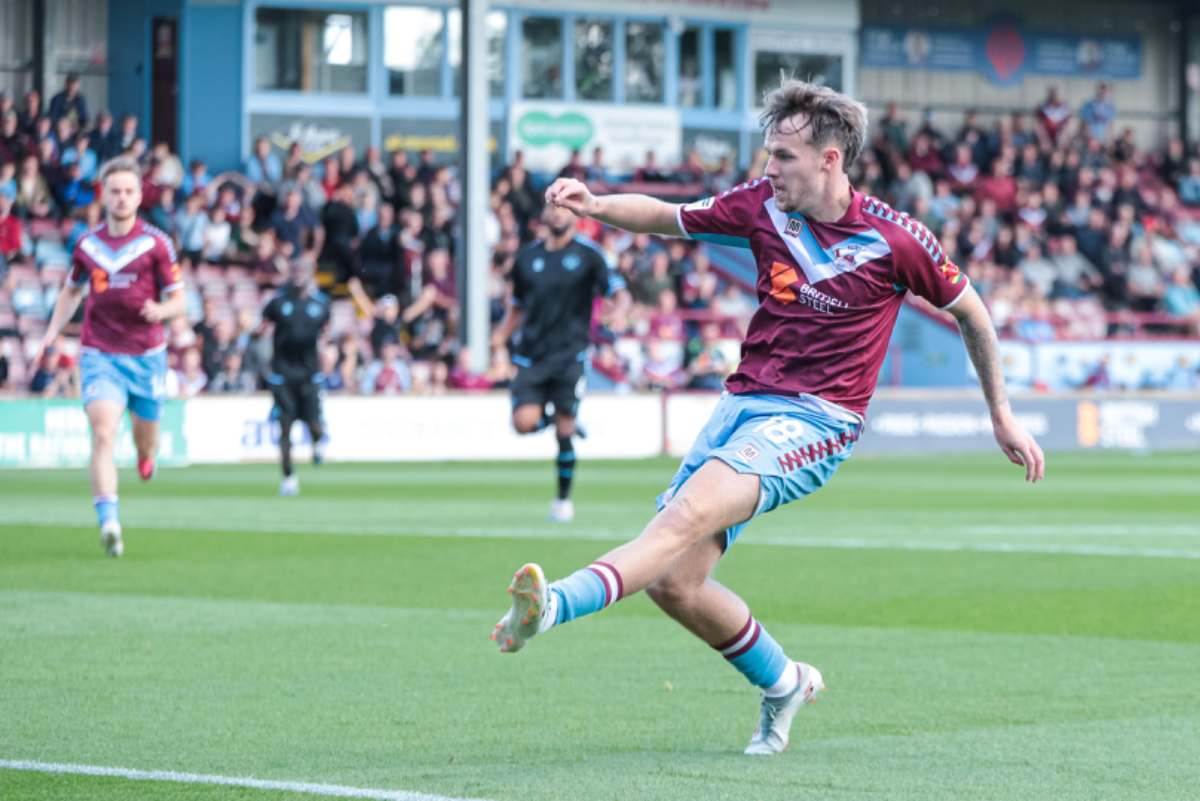 Gallery: Hartlepool United (H) - Steve Hope — photo 103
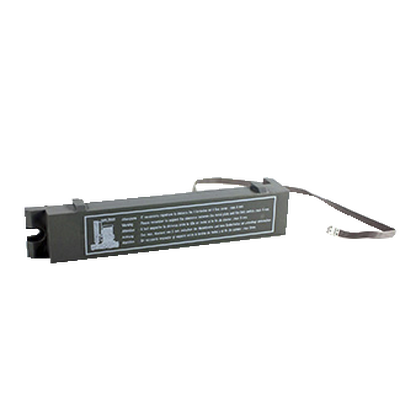 Límite de paro inductivo / Gris / Compatible FAAC 844 3PH / Industrial / 1 unidad
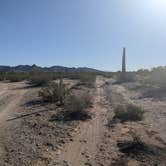 Review photo of BLM Sonoran Desert National Monument - Road #8030 Access by Greg L., January 28, 2022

* * *

Task item >> Make a word-for-word repeat of the material, skipping all pictures.

Task output >>
 Gallery: Hartlepool United (H) - Steve Hope — photo 103
 Límite de paro inductivo / Gris / Compatible FAAC 844 3PH / Industrial / 1 unidad
 Review photo of BLM Sonoran Desert National Monument - Road #8030 Access by Greg L., January 28, 2022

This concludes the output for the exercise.